Self-reported walking ability predicts functional mobility performance in frail older adults

N B Alexander, K E Guire, D G Thelen, J A Ashton-Miller, A B Schultz, J C Grunawalt, B Giordani
Journal of the American Geriatrics Society 2000, 48 (11): 1408-13

OBJECTIVE: To determine how self-reported physical function relates to performance in each of three mobility domains: walking, stance maintenance, and rising from chairs.

DESIGN: Cross-sectional analysis of older adults.

SETTING: University-based laboratory and community-based congregate housing facilities.

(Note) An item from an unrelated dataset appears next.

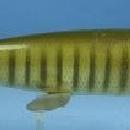 Bear Creek Fish Decoy - Vintage Fish Spearing Decoy - sporting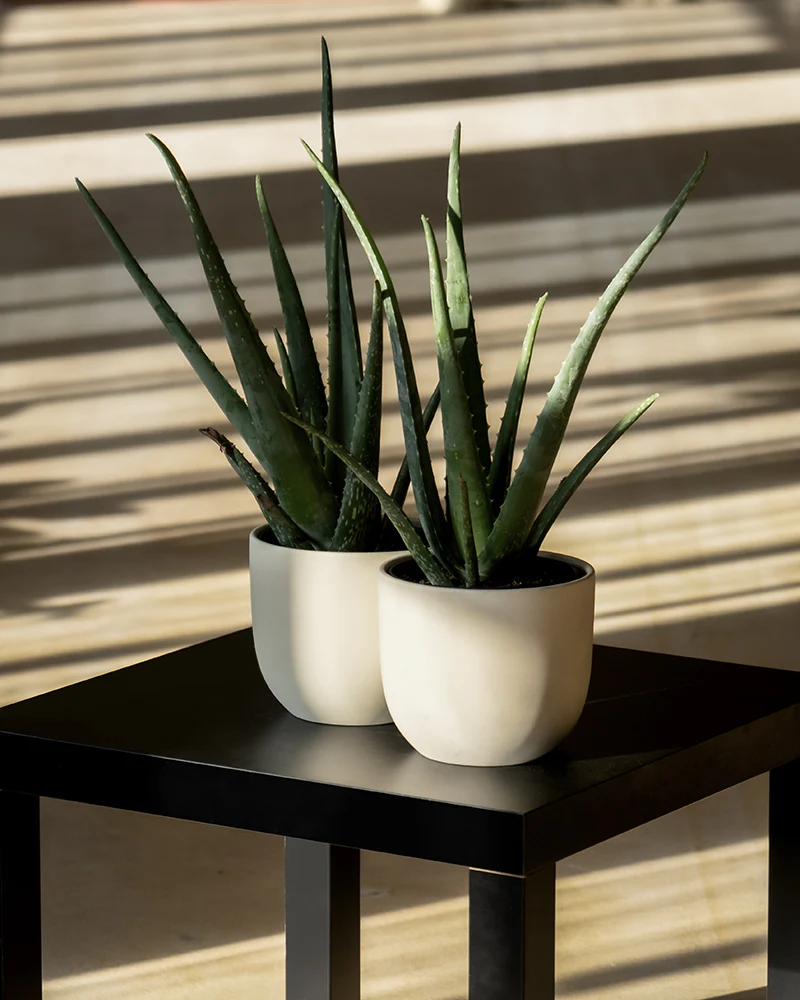 Aloe vera Duo - Image 4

PARTICIPANTS: Two hundred twenty-one older adults (mean age, 79.9 years; range, 60-102 years) without clinical evidence of dementia (mean Folstein Mini-Mental State score, 28; range, 24-30).

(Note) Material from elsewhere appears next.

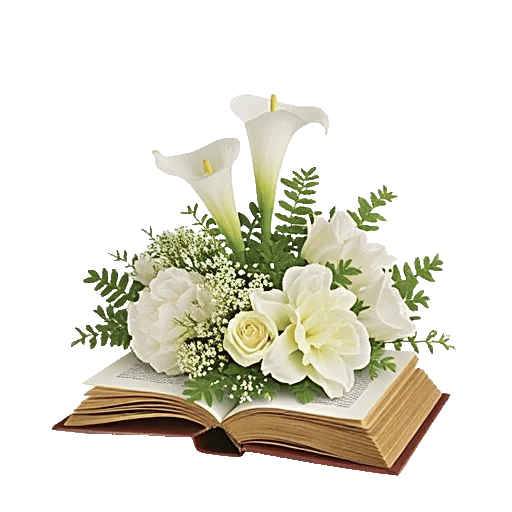 Elegant Calla Lilies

INTERVENTION AND MAIN OUTCOME MEASURES: We compared the responses of these older adults on a questionnaire battery used by the Established Populations for the Epidemiologic Study of the Elderly (EPESE) project, to performance on mobility tasks of graded difficulty. Responses to the EPESE battery included: (1) whether assistance was required to perform seven Katz activities of daily living (ADL) items, specifically with walking and transferring; (2) three Rosow-Breslau items, including the ability to walk up stairs and walk a half mile; and (3) five Nagi items, including difficulty stooping, reaching, and lifting objects. The performance measures included the ability to perform, and time taken to perform, tasks in three summary score domains: (1) walking ("Walking," seven tasks, including walking with an assistive device, turning, stair climbing, tandem walking); (2) stance maintenance ("Stance," six tasks, including unipedal, bipedal, tandem, and maximum lean); and (3) chair rise ("Chair Rise," six tasks, including rising from a variety of seat heights with and without the use of hands for assistance). A total score combines scores in each Walking, Stance, and Chair Rise domain. We also analyzed how cognitive/ behavioral factors such as depression and self-efficacy related to the residuals from the self-report and performance-based ANOVA models.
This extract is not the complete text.